I appreciate the reply.  I wondered about the renters and whether they can use same services as owners?  I love the look of the harborside and the whole of Atlantis looks gorgeous!! I will have to check into it more and see what we should do.  I would love to stay at the Harborside!!! Thanks again!


----------



## x3 skier (Jun 23, 2008)

www.cruisecritic.com has a board section on ports of call and there are always threads about Atlantis and how to use the facilities there when in port. Might give you some insight about how one gets in or is excluded and what is public and what is guest only.  

We did a short visit there on a cruise and were impressed.

Cheers


----------



## Judy (Jun 23, 2008)

October is high hurricane season in the north Atlantic and eastern Caribbean.  But Aruba is far enough south that it hardly ever gets hurricanes.  They have beautiful beaches there and good snorkeling.


----------



## JRS (Sep 2, 2008)

*St Maarten*

Well, I happen to have a wk 42 available in Flamingo, St maarten if you like.  I thought Sept and early October were more prone, but mid or late weather can happen.  Been there a couple of times, I was ok.  Crowds are not peak at this time, beaches are abundant.  I don't have kids, but the pool is great at Flamingo and beach is fine, can visit the sister resort, Pelican, Atrium for other beaches and things to do in the area.   Hope you enjoy whatever choice you make.


----------



## zoobiedo (Sep 8, 2008)

You could look at Windjammer Landing in St. Lucia.  They have a kids club to keep the kids busy, the villas are spacious, 5 restaurants on site, decent beach plus lots of water activities that are included (except scuba diving which costs $$$).  We own there and the kids seem to really enjoy their time (as do the adults).

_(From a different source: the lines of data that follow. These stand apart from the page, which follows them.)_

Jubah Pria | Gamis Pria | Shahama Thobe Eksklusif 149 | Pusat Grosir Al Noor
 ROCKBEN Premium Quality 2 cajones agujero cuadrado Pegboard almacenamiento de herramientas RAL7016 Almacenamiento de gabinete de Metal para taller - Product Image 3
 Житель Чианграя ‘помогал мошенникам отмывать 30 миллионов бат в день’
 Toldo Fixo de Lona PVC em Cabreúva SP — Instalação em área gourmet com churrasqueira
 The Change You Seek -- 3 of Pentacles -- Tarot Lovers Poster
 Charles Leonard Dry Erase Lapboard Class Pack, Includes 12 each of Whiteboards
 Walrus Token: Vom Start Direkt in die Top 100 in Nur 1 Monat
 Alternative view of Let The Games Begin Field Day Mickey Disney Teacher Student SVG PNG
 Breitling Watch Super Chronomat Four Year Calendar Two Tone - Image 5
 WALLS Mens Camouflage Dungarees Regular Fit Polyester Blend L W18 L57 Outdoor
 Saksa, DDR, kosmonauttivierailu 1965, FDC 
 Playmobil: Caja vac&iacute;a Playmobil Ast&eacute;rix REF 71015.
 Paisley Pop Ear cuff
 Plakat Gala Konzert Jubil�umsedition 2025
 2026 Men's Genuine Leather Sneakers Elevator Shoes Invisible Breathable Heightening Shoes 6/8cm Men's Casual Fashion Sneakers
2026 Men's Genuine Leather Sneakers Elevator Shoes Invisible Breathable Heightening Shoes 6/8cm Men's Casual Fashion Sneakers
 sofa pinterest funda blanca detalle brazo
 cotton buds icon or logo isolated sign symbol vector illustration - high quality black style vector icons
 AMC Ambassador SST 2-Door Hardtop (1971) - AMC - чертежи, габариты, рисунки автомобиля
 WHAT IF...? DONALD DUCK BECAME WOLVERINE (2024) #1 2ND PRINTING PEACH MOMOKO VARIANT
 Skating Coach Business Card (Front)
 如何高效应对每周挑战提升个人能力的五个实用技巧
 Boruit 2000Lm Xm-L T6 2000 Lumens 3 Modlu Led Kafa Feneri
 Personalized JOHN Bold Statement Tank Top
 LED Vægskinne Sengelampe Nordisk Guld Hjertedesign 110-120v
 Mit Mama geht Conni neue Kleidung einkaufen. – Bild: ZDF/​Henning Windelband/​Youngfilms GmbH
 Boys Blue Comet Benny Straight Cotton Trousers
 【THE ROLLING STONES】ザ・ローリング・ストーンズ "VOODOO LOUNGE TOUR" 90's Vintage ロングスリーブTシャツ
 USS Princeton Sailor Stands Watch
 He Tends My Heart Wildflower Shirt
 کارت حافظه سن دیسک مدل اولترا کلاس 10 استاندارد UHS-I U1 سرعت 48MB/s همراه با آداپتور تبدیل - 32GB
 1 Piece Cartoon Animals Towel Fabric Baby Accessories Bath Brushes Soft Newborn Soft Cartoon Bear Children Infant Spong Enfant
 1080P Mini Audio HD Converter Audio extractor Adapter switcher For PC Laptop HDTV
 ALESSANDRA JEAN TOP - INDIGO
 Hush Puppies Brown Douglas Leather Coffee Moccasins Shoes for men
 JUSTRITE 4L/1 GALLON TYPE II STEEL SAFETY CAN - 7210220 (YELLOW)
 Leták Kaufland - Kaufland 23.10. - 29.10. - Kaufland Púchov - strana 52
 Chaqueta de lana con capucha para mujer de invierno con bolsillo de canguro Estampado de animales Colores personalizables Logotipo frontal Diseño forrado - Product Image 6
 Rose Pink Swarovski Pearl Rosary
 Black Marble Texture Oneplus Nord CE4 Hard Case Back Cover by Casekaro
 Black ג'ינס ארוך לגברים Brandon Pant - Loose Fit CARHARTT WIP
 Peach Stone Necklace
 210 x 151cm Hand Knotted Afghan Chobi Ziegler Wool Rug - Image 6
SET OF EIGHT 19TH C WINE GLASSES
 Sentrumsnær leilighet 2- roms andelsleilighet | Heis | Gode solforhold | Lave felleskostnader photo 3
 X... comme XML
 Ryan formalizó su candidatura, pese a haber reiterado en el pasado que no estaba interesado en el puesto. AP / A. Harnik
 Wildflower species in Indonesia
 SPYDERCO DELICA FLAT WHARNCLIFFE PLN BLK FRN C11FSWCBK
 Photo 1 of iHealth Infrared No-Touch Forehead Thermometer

Windjammer is a RCI affiliated resort.


----------



## Janis (Sep 9, 2008)

Cancun is always a hit with the kids (although, it's not really Caribbean).

I took my kids to Windjammer Landing in St. Lucia when they were 10 & 12 - and they are still talking about it 6 years later. That would be my first choice for your age group. Although - the beach isn't gorgeous, but the villas are fantastic as are the grounds.

Aruba is a good choice - very calm water and plenty of t/s availability.  It's good your kids will have built in playmates - there aren't that many children in Aruba in Sept/October..

I personally love SXM - but my kids didn't - too much driving around the island and hitting different beaches everyday..However, if you are planning on staying at the resort every day (something I wouldn't recommend), SXM would work.


----------



## schmo (Sep 12, 2008)

Im going to dominican republic next week it looks like a nice place for kids and these villas have their own swimming pool here the guys im going through www.lifestylehvc.com they were cheaper than rci exchange


----------



## Steamboat Bill (Sep 12, 2008)

Atlantis is a total blast....but expensive


----------